An overvalued stock has a price higher than its earnings outlook, and profit projections. It is also compared to its price-earnings (P/E) ratio. Analysts and other economic experts, therefore, expect the price to drop eventually. Investors take a keen interest in judging the valuations of a stock.
Overvaluation can result from irrational, illogical and emotional trading. It can also occur due to deterioration in a company’s fundamentals or financial strength.
Knowing whether the stock is overvalued or not helps investors take their investment decisions and stop paying more for a weak stock.
What are overvalued stocks?
There are two kinds of market theories: one that believes that the market is very efficient and there are no undervalued or overvalued stocks. They don’t believe in the fundamental analysis of a stock and believe that the market is all-knowing. The second theory is that there are always opportunities to look at undervalued Contrarily, fundamental analysts are firm in their belief that there are always opportunities to dig out undervalued and overvalued stocks because the market is irrational. Overvalued stocks are good for investors looking to short a position. This means selling shares when the stocks fall as per anticipation due to their overvaluation.
Are overvalued stocks good or bad?
An overvalued stock will experience a price fall at some time or the other and return to a level which reflects its level and fundamentals. In that sense, it is bad for regular investors as they try not to buy annualised overvalued stocks. However, in some cases, investors may prefer some of the overvalued stocks due to their superior management, brand, and other factors.

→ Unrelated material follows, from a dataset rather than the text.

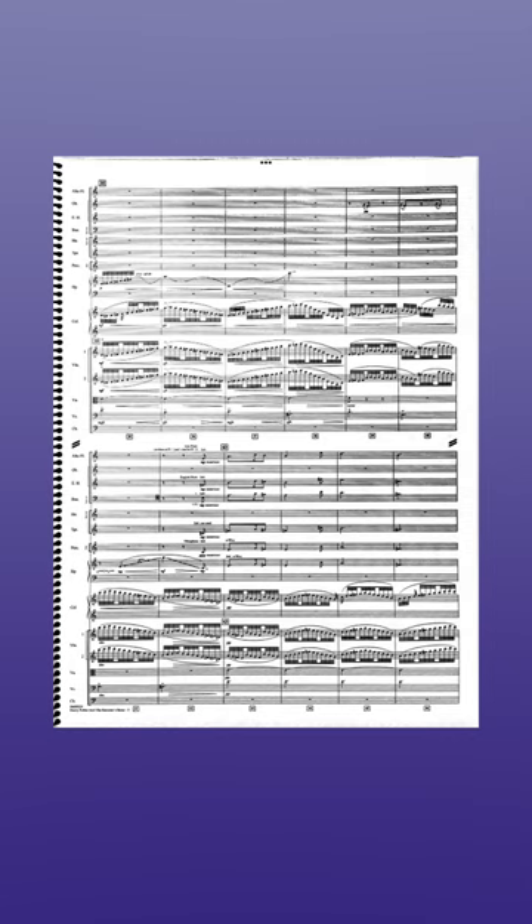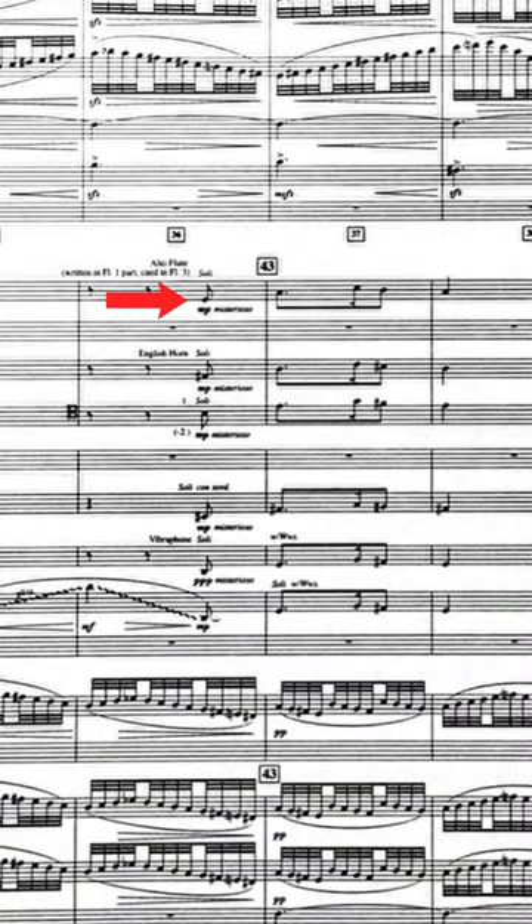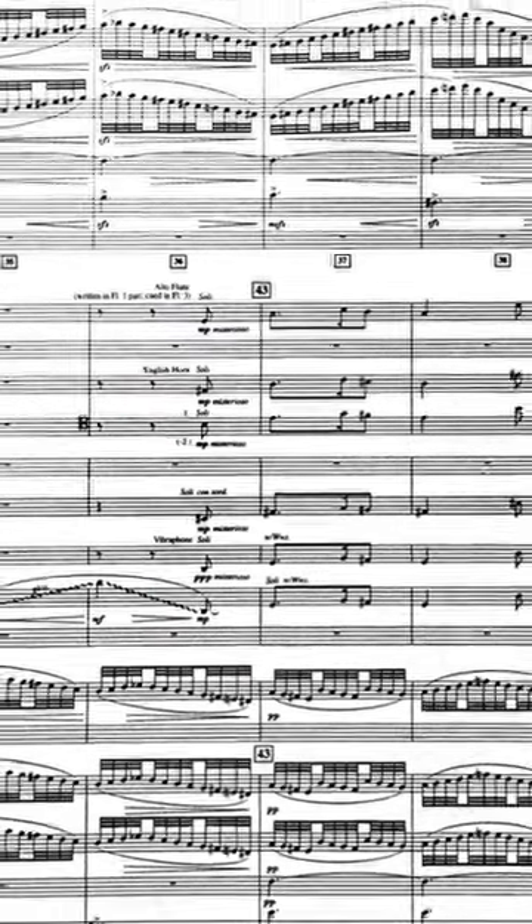Violins enter with a whirl of dizzying notes that gives the music flight before our main theme returns, this time played by a combo of alto flute, English horn, bassoon, vibraphone, and harp. Here it's also written for a muted trumpet, though we don't hear that in most recordings.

How to find overvalued stocks
There is a metric to find out if the stock is overvalued. It is called the Relative earnings analysis. It is the most common way to find out if the stock is overvalued. This compares earnings to some other value such as price. The most popular and easy way to compare is P/E ratio, which analysis stock price relative to the company’s earnings.
For example, if a company has a stock price of NZ$ 100 and earnings per share of NZ$2, the P/E ratio can be assessed by dividing the price of the share by earnings per share. In this case you get 50, which means the stock is trading 50 times the earnings. This is a grossly overvalued stock.

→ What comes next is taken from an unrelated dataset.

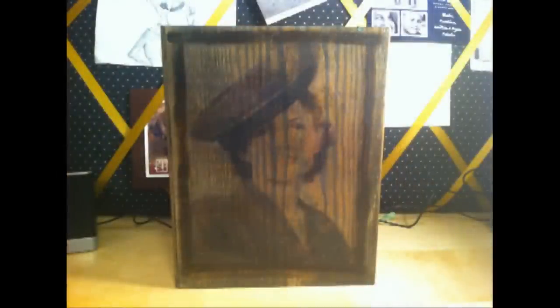But instead of a solid paint on the background, I used a paint wash, which is just paint thinned out with some water. I also used a dark burnt umber paint and outlined the photo transfers.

Investors who are short-seller can look for overvalued companies with high P/E ratios, as compared to other companies in the same sector also called the peer group.
A share can be overvalued in two ways. Firstly, due to a sudden rise in demand, or due to an investor’s perception. This can be manipulated and perception can be created. And if the rise in price is not justified, then the stock could be overvalued. The second way is when the revenue, earnings, and the balance sheet of a company declines, but the price remains the same, then the stock can be said to be overvalued.
Overvalued and undervalued are opposite of each other and denote the stock’s pricing in comparison to its earnings. When a stock is low priced as compared to its earnings, it’s called undervalued. The price of the stock is also judged in comparison to growth potential, financial status and earnings projections.
Why overvalued stocks matter
Investors usually try to avoid an overvalued stock as it has to come down to match to a level which reflects its financial status and fundamentals. It is generally seen that a stock that is overvalued is likely to fall and return to its own levels. Investors avoid overvalued stocks as they lose money when they fall.
A fully valued stock reflects the full and correct value of a stock. In this, the market recognises the fair price and the company’s underlying fundamental earnings power which makes the share steady. It can neither fall too much nor gain too much. If a stock goes down from its fair value, it is considered overvalued, and if it goes down, it is considered undervalued.
Fully Valued vs. Overvalued or Undervalued
Overvalued stocks and undervalued stocks can be contrasted with fully valued ones.
An undervalued stock is the one that sells at a significantly lower price than its actual value and can whose price is expected to rise to match its intrinsic value. This is opposite to an overvalued stock whose price is supposed to fall to match its actual and fair value.
Traders often seek undervalued stocks so that they can be brought back to their full value, thus giving significant gains to the traders. In the same way, overvalued shares may be short sellers, gaining when they are brought to their fair value.